Thinking-machine chaos may already be inevitable. Most likely it will occur not as a sudden explosion of out-of-control autonomous devices, but as a phenomenon that makes its way into everyday life, much in the same methodical way that natural disasters resulting from climate change have now become commonplace. T. S. Elliot mused that the world will end “not with a bang but a whimper.” Though over-reliance on emergent technologies may not end the world, it will unavoidably complicate and challenge human existence.”
I will say at a simpler level, I have recently been concerned about the particular issue of how tourism and hospitality scholars seem so little concerned with the ways technologies may undermine the nature of our work (e.g. robots offering hospitality and tour guiding) and undermine the future job prospects of our students. There is little doubt that AI and robotisation (whichever term you prefer) have long impacted significantly on work and employment in tourism and hospitality and will continue to do so. That is not necessarily a bad thing because some (much?) of this work is challenged to meet even the basic criteria of the ILO’s notion of decent work, especially in economically developed contexts such as Australia or the UK. When engaging in this debate, I am always drawn to George Orwell and his thoughts, published in the 1930s, about the work of the restaurant pot washer in Paris:
“The question I am raising is why this life goes on – what purpose it serves, and who wants it to continue, and why I am not taking a more rebellious attitude. I am trying to consider the social significance of the plongeur’s life. I think I should start by saying that the plongeur is one of the slaves of the modern world … he is no freer than if he were bought and sold. His work is servile and without art; he is paid just enough to keep him alive; his only holiday is the sack.”

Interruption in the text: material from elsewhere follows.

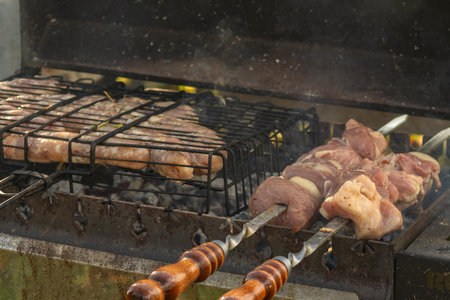 Grilled sausages cooking over hot charcoal on outdoor barbecue. Outdoor grilling of fresh sausages on charcoal barbecue with smoke heat and summer garden background.の写真素材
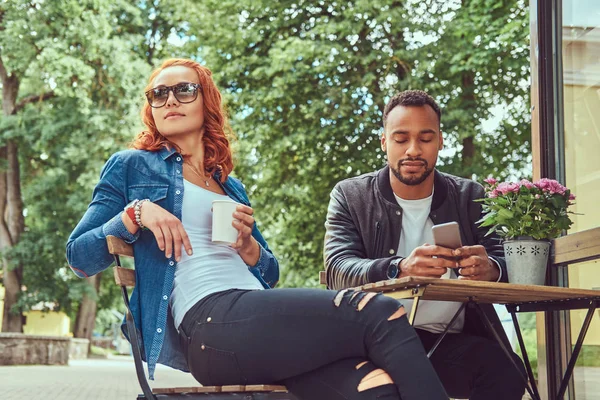 Ett par dating dricka kaffe, sitter nära coffee shop. Utomhus på ett datum. — Stockfoto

There has to be very good argument that we should be welcoming the robot as an alternative to this kind of work in hospitality – and, believe me, this sort of menial employment is by no means extinct today. At the same time, thousands, millions, of lives depend on the this kind of work to put rice and bread on the table so eliminating it will undoubtedly have a huge social impact.
The argument can never be seen exclusively in technological or, indeed, social terms. It is one that feeds into a multitude of debates about work but also about modern society. In pre-Brexit Britain, it is right up there as a political debating point as a ‘solution’ in relation to the potential absence of migrant workers for hotels, restaurants and, indeed, fruit farms. It links into discussion about employment issues in the modern city (in both the global North and South) in relation to gentrification, affordable housing and transport – see articles written on the place of ‘ordinary people’ in technologically advanced and creative cities. Of course, from the perspective of the academic researcher, such conundra are what make this area so fascinating (I would argue, the most fascinating) as an area of debate in tourism. The reality that we are challenged to find meaningful answers to the issues that they raise should not allow us to shy away from discussion of them.
Voltaire wrote, “Everything is fine today: That is our illusion”, I hope and wish that the future of hospitality & tourism in the wake of technological advancements and artificial intelligence becomes the ‘hot’ research topic to be debated this year and beyond, particularly implications on work and employment. I have also cautioned myself to note that perhaps some of our colleagues are researching these things at the cutting edge and we are awaiting the outputs (recognising the long timelines for publications and other outputs).